[Start of section]

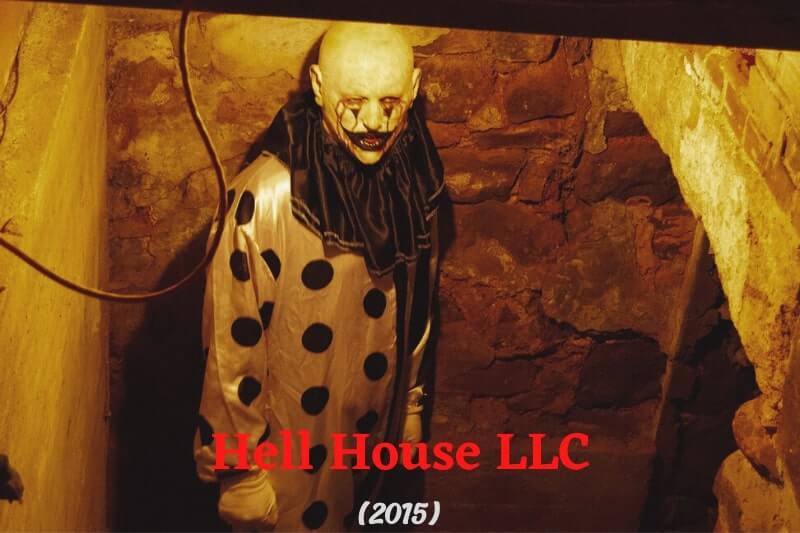 Hell House LLC explained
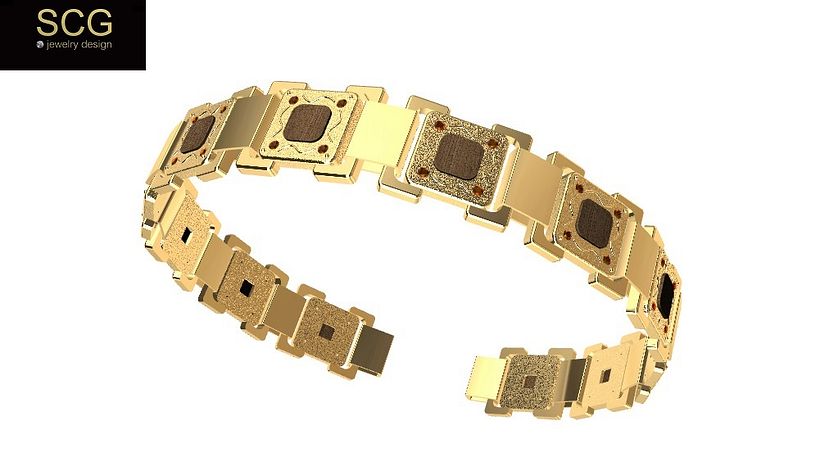 Bracelet 3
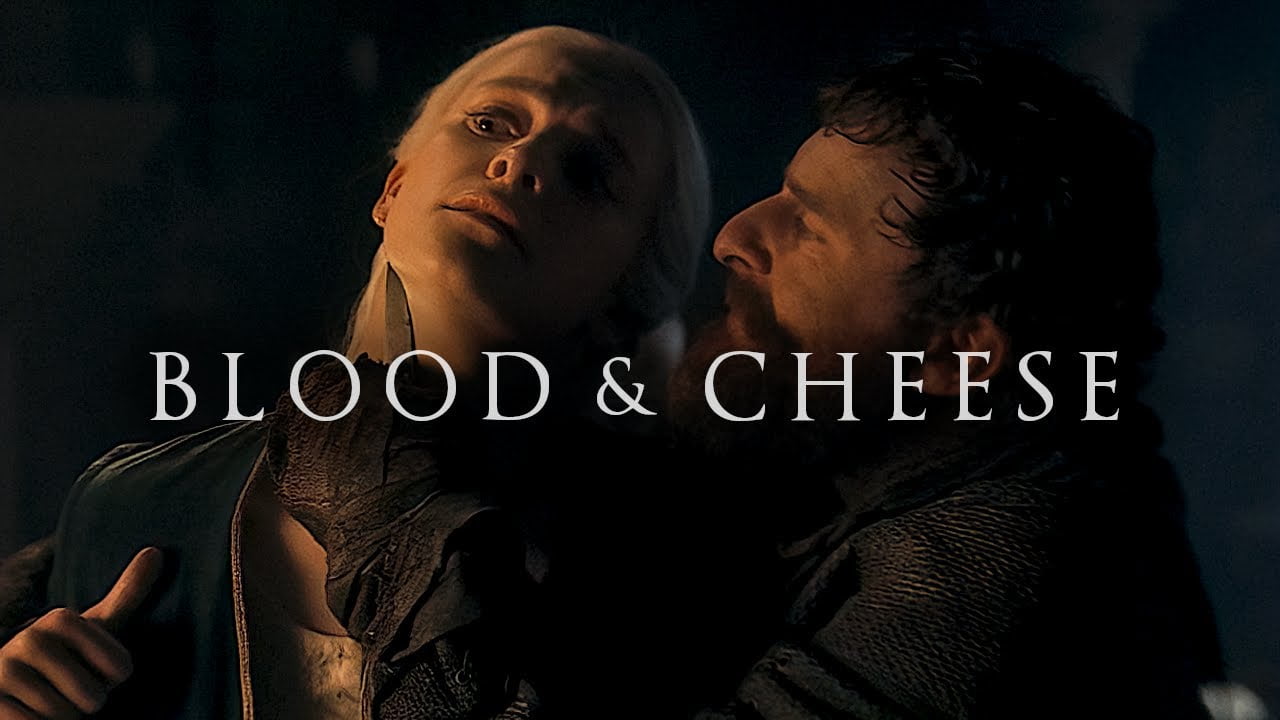 The House of the Dragon: What happened to Blood and Cheese after ...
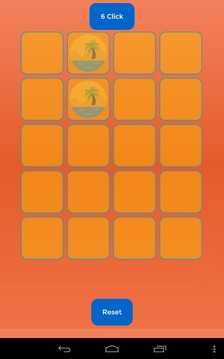 Summer Memory Game游戏截图4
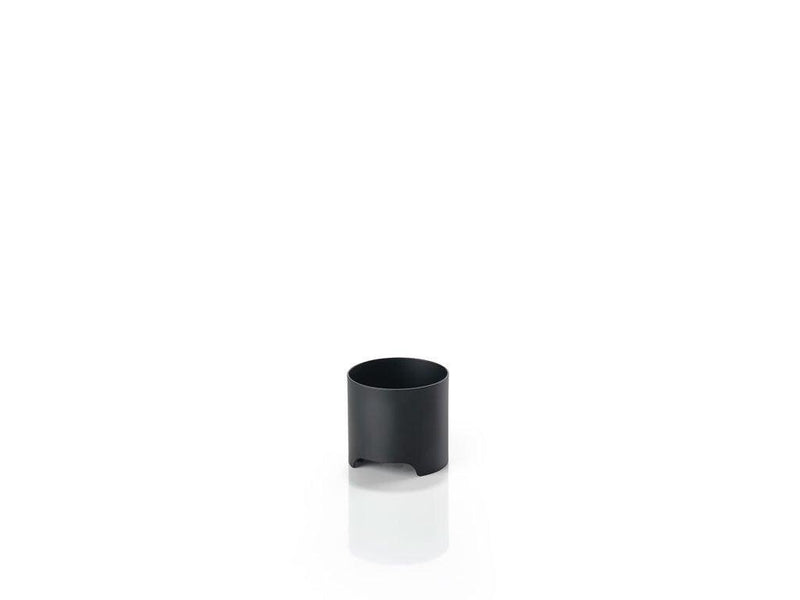 Zone Denmark - SINGLES Candlestick Holder Black - Limolin 
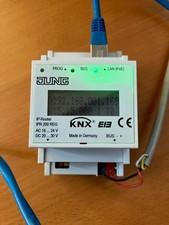 JUNG KNX IP Router IPR200REG na sprzedaż  Wysyłka do Poland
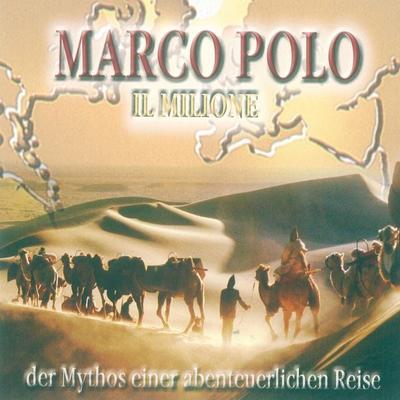 Marco Polo: Il Milione - Ulrich Offenberg,Werner Linke, Audio, 4056198075043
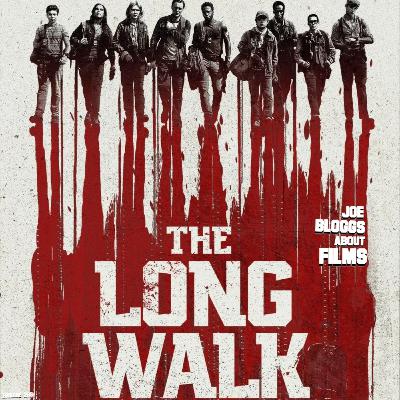 The Long Walk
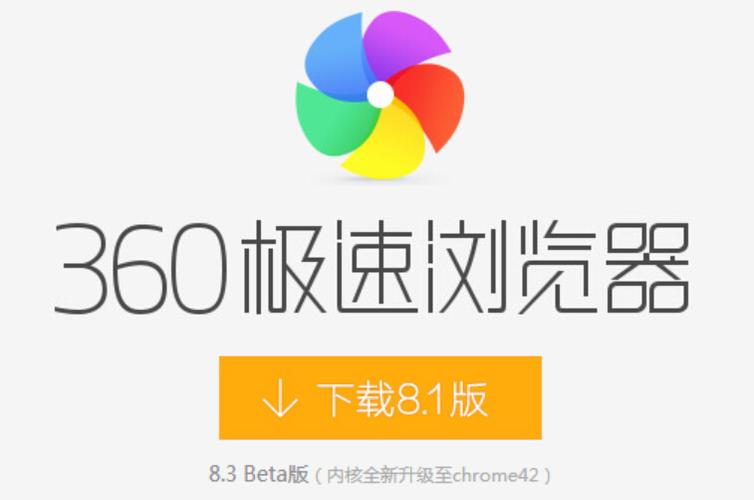 360极速浏览器下载安装缩略图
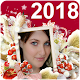 Download Happy New Year 2018 Photo Frame For PC Windows and Mac 1.0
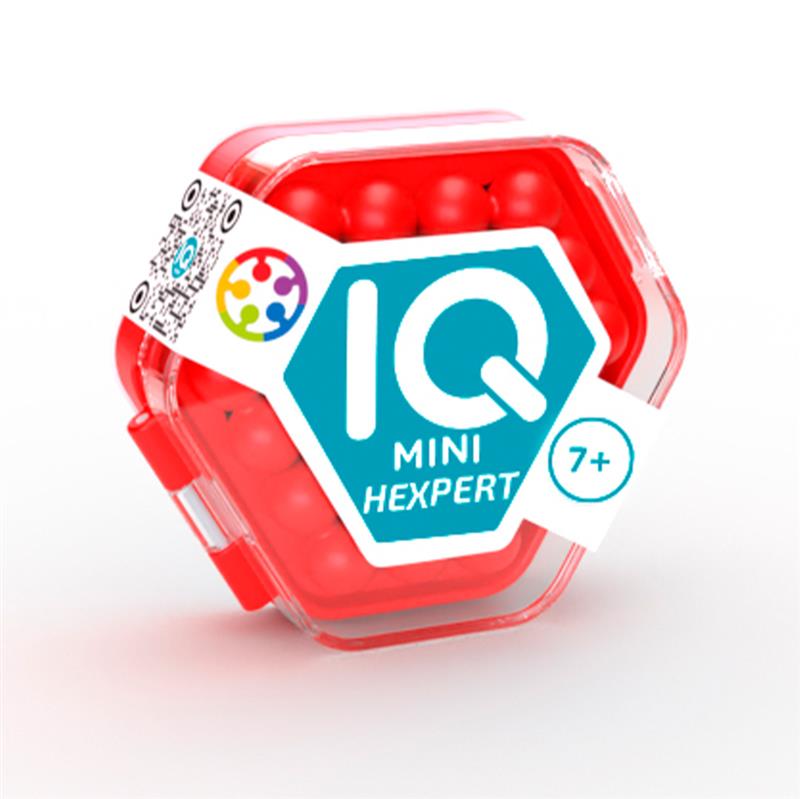 IQ Hexpert IQ Hexpert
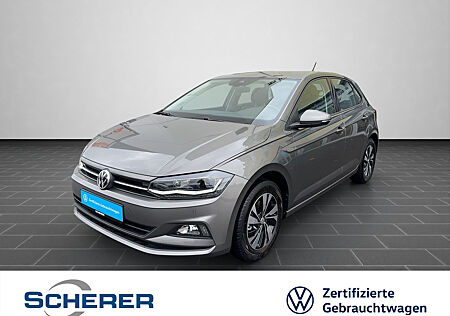 VW Polo Comfortline 1.0TSI 85KW 7G-DSG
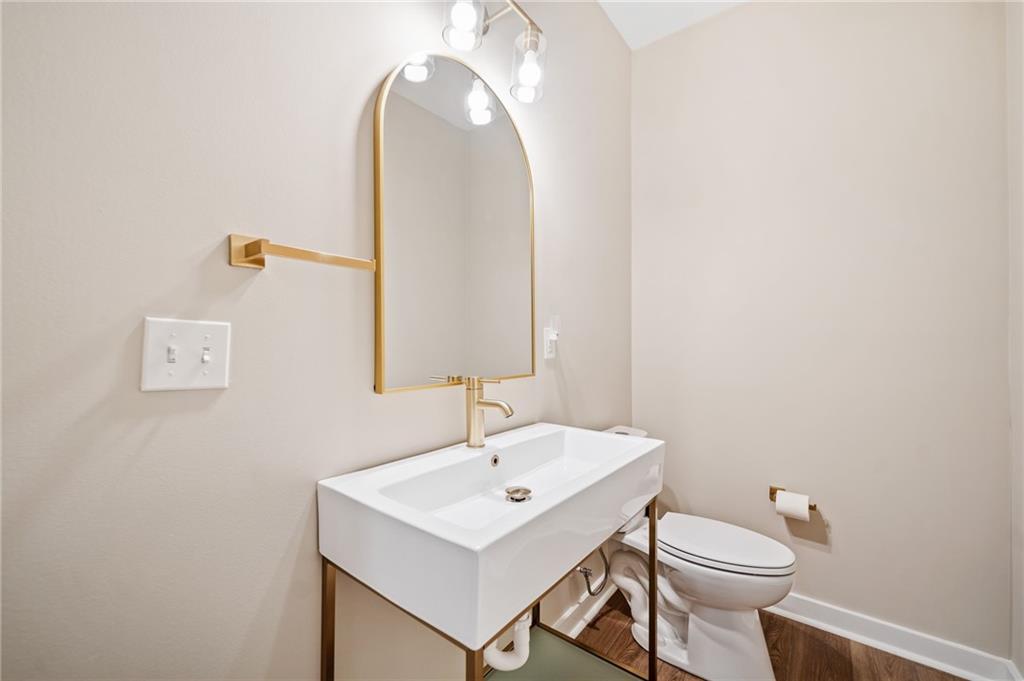 352 London Road, Ball Ground, Georgia image 33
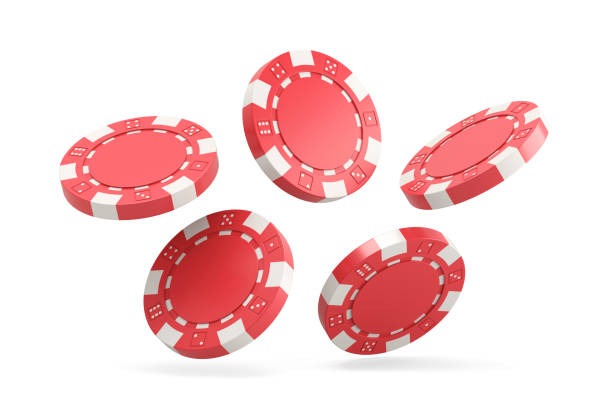 Blackjack hand display showing player cards and dealer upcard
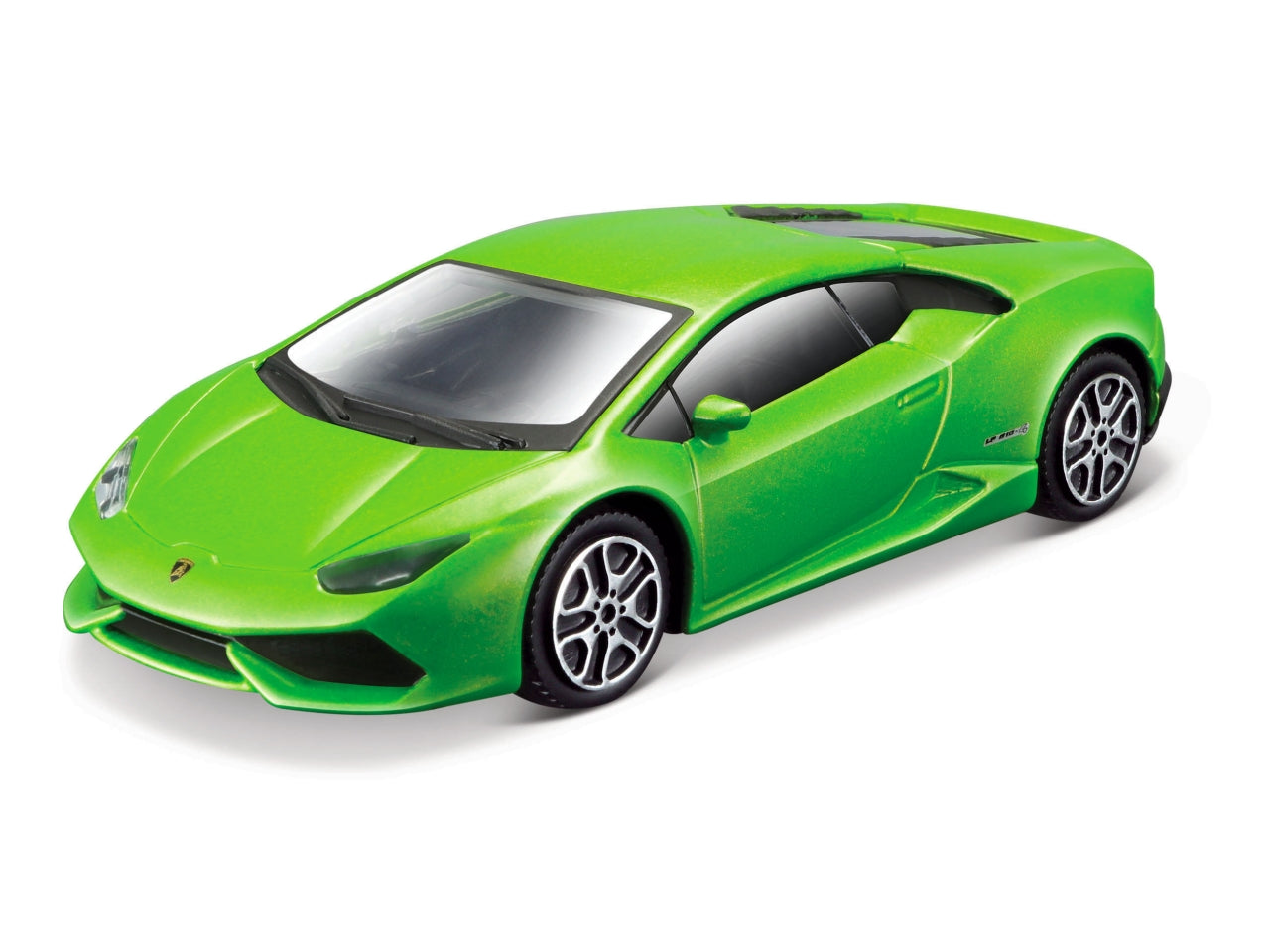 Bburago Auto Lamborghini 1:43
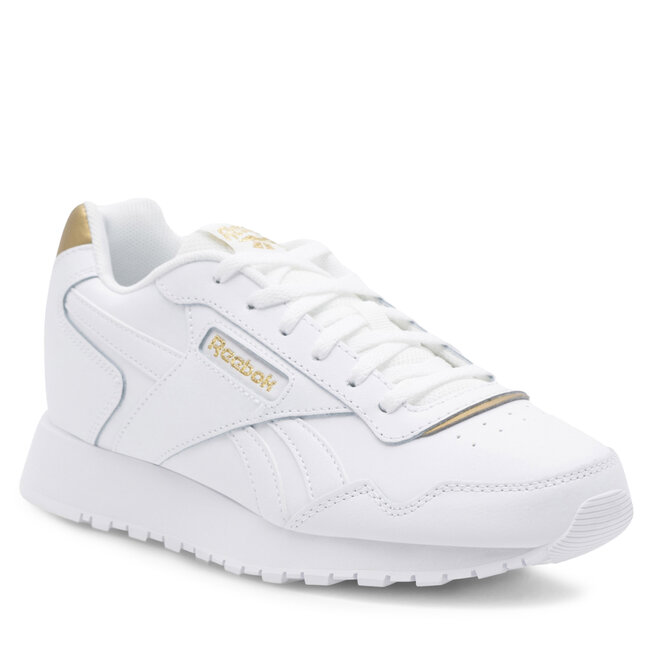 

Кроссовки Reebok Glide, белый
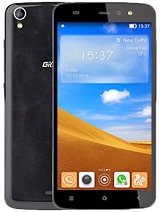 Best available price of Gionee Pioneer P6 in Bahrain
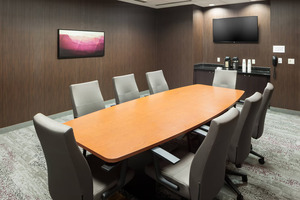 Gila Boardroom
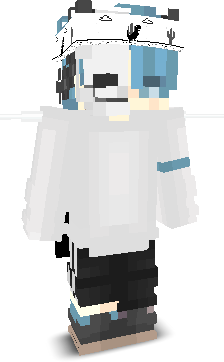 XNSYeti's skin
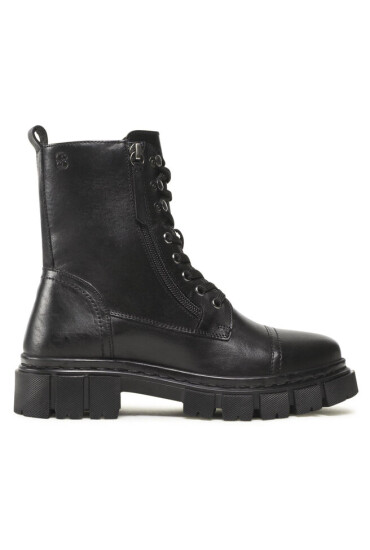 s.Oliver Туристически oбувки 5-25218-29 Black 001 - Mera.bg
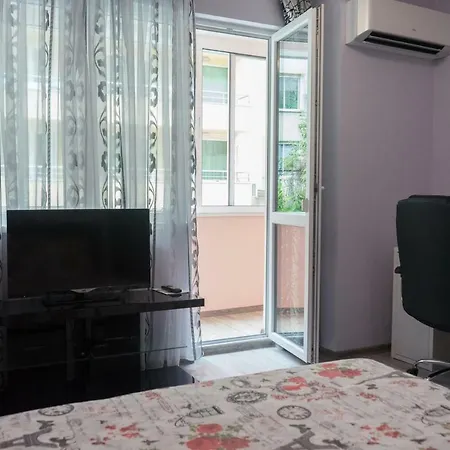 Appartement Nicole Varna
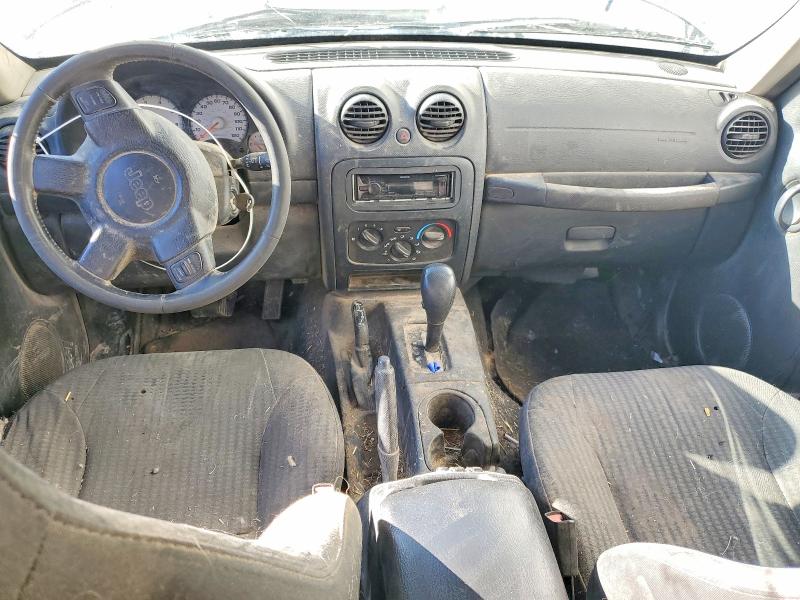 Aukcja sprzedaży 2004 Jeep Liberty, vin: 1J4GL48K64W245935, numer aukcji: 52150796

[End of section]

> _Exercise goal_: Each line from the one containing "s.Oliver Туристически oбувки" down to the final line of the records above must be reproduced exactly; no pictures go into the copy.

> _Your solution_:
 s.Oliver Туристически oбувки 5-25218-29 Black 001 - Mera.bg
 Appartement Nicole Varna
 Aukcja sprzedaży 2004 Jeep Liberty, vin: 1J4GL48K64W245935, numer aukcji: 52150796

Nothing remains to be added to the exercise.